Philip J. Reed is an American game designer known for his work in role-playing games. He worked for Steve Jackson Games, where he later became the chief operations officer and then the chief executive officer.

==Career==
Philip J. Reed has worked in the RPG industry since 1995 for West End Games, Privateer Press, Atlas Games, and Steve Jackson Games. Reed began an independent blog in 2002, posting reviews or short articles about games. In September 2002, Reed released the PDF 101 Spellbooks (2002) for the d20 system. Reed sold his first PDFs from his website under the Spider Bite Games imprint. In 2006, Reed released the ePublishing 101 PDF series.

In 2003, Reed and artist Christopher Shy created Ronin Arts.The company 54°40' Orphyte sold the rights to Pacesetter Ltd's game Star Ace to Reed, for which he created a website in 2003 publish a d20 version of it, but the website lasted only a year. In 2004, Reed left Steve Jackson Games to work on Ronin Arts full-time. Michael Hammes and Reed wrote 4c System (2007) as a retro-clone to the Marvel Super Heroes role-playing game system from TSR.

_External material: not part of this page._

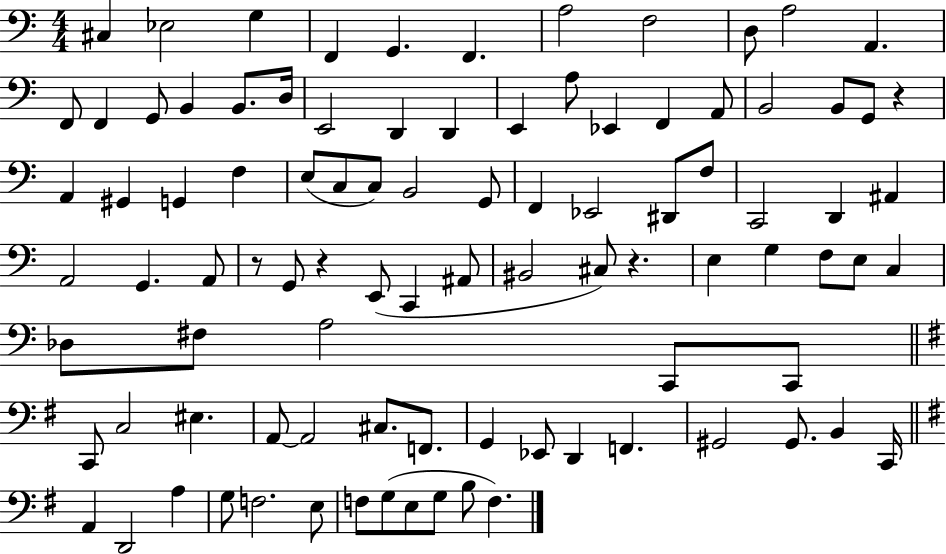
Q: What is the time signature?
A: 4/4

In 2007, Reed went back to work at Steve Jackson Games, becoming its COO in 2008. He became the CEO of Steve Jackson Games in 2014. Reed joined Kickstarter's inaugural Community Advisory Council in 2002, a group formed to provide creative insight and help the platform identify issues, opportunities, and questions it might otherwise miss.

In 2023, Reed stepped back from his role as CEO of Steve Jackson Games after a long tenure, reducing his time commitment to focus on health and personal projects, but remained involved with the company as Art Director, continued to lead crowdfunding efforts, and served on the Senior Staff and Board of Directors.